One of the most critically acclaimed games at the time was God of War, a bloody, fast-paced action title based on Roman mythology. Early in the game the malevolent hero arises out of bed, leaving behind two topless women with which he presumably spent the night. While most players may have walked out of the bedroom and started the next game level, you actually have the option to come back to the bed. The women will let out an innocent giggle as the bald-headed warrior climbs in between the sheets. The camera slowly pans to a Roman vase sitting precariously on the edge of a nearby nightstand. The game shows you a series of buttons to press. Each successful hit will let out a breathless female gasp followed by a gruff hero grunt. The mini-game ends when the vase, shaken by the bed knocking, breaks on the floor. A 2007 sequel had a similar sequence in a medieval bathhouse. Both received a Mature rating, the equivalent of a movie R. The PlayStation 2 games were released by Sony, a company that, about 35 years earlier, lost the VCR war to VHS because Beta lacked porn.

Microsoft also took risks with its Mature-rated XBox 360 title Mass Effect, a game that was banned in Singapore before it was even released. (The country would later lift the ban, perhaps because of pressure from the multimedia giant.) Built like a dynamic sci-fi novel, Mass Effect allows you to create a space military character from scratch, visit different solar systems and explore hundreds of possible storylines and outcomes.
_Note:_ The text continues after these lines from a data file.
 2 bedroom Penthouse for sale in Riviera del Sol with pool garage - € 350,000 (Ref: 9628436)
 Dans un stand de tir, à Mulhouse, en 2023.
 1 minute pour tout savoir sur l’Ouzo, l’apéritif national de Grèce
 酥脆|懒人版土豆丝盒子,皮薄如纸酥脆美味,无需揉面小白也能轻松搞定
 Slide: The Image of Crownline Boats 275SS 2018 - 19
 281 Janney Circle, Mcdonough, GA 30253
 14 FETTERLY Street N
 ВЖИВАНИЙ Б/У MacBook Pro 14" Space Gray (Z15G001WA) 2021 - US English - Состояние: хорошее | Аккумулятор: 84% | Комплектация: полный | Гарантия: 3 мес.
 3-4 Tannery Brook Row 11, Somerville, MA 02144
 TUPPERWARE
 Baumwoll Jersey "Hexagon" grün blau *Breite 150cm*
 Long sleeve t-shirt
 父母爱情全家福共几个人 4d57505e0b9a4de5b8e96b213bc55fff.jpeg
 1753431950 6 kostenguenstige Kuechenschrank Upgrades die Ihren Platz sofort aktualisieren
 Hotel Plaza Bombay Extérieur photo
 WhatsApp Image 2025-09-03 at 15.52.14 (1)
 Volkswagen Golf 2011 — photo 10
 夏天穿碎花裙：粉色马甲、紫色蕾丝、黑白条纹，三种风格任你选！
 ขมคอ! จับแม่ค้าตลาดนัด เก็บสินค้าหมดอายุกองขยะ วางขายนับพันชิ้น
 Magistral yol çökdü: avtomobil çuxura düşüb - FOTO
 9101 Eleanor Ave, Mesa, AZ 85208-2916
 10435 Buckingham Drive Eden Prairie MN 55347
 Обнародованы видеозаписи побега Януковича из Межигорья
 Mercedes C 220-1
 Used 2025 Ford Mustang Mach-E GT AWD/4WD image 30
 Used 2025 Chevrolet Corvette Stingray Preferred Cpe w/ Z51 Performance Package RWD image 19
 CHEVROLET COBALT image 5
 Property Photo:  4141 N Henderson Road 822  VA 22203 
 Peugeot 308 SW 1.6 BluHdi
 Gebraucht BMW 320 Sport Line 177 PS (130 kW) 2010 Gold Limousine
Each decision you make sends you on a different path.

The developers released early video footage of the game to the press. "I see the sadness behind your eyes," a female alien with well-braided cornrows and sensitive eyes says to you. "It tells a story that makes me want to weep. Pain and loss. But it drives you! Makes you strong. You never hide your strength, either. It serves you well, terrifies your foes. Few will dare to stand against you. This may be who you are, but this is not who you will become. It only forms the basis for your future greatness. Remember these words when doubt descends, Commander." Your character, a tough blonde with close-cropped hair, stutters over her words. The alien touches her face. "Close your eyes and relax, Commander." The game closes in on their faces, the Commander standing in front of the alien while she makes an expression of subtle ecstasy. The scene ends with a close-up of the alien's blue arm, thrown against the bedpost in a fit of passion and then sensuously brought down, as if gone limp. Mass Effect was released on November 20, 2007. Aside from the Singapore ban, the game did not bring any major protests or political speeches, nor were any hidden sex games or secret naked scenes revealed later. There were no million-dollar recalls nor any lawsuits from concerned parents.